Charities could face a shortfall of £80m a year after 2027 because of a planned reduction in the rate of income tax, experts have indicated.
The change means the value of Gift Aid will fall from 2024, when the basic rate of income tax will be reduced from 20 per cent to 19 per cent, a change announced yesterday during the Chancellor’s Spring Statement.
The Treasury said it will cover the costs of that change for the first three years through transitional funding.
The Charity Tax Group said it was very difficult to forecast economic conditions five years from now, but the three-year transitional funding was likely to cost the government £250m.
Richard Bray, the chair of the CTG, said: “On its own, the announcement that the rate of income tax will decrease from 20 per cent to 19 per cent in April 2024 would have cost the charity sector approximately £250m in lost Gift Aid over three years.
“However, the proposed transitional relief will safeguard over £250m of charity income.”
The Treasury was taking the same approach as the last time a government cut the basic rate of income tax, in 2007, Bray said.
“CTG both suggested and campaigned hard for transitional relief when the basic income tax rate was last decreased in 2007 and we are grateful that the government has had the foresight to introduce a similar measure to protect Gift Aid now,” he said.

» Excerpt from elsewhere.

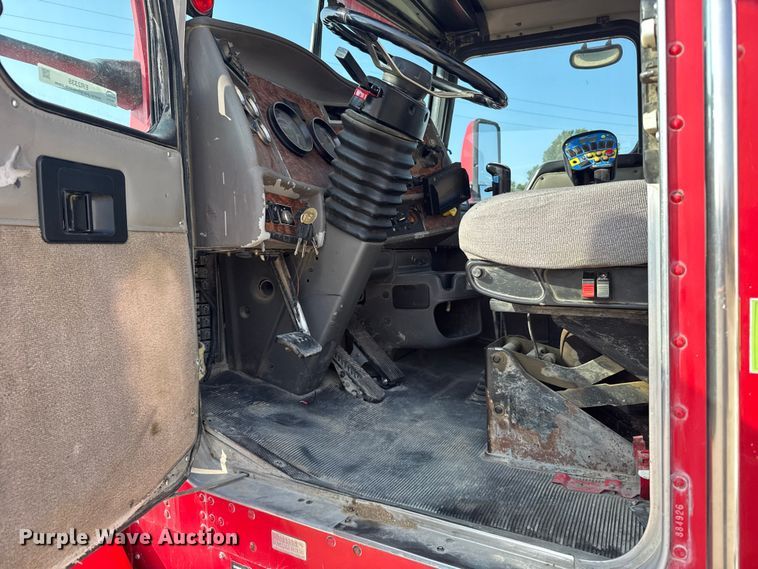 image for item ER2335 2002 Kenworth T800 ready mix truck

“CTG will continue to campaign for an improved Gift Aid system that can result in more Gift Aid being claimed by the time the transition period ends.”
The CTG also repeated its call for charities to be included in research and development tax reliefs, from which they are excluded.
Sam Mercadante, policy and insight manager at the National Council for Voluntary Organisations, said it was very difficult to reach a robust figure on the impact of Gift Aid changes, given that income from Gift Aid fluctuates every year and is already affected by a range of factors.
But she said: “If the 2027 changes the Chancellor announced were already in place today, it would have resulted in a 5 per cent decrease in Gift Aid claimed by charities (£1.33bn instead of £1.4bn [2020/21 figures]).
“However, this figure doesn’t tell us much as it is extremely unlikely giving in 2027 will match 2021.”
Mercadante added: “The more immediate issue for charities is that the ongoing cost of living crisis will not be mitigated for many people by the Chancellor’s announcements, and we expect to see the need for charity support and services to continue to increase over the coming year.”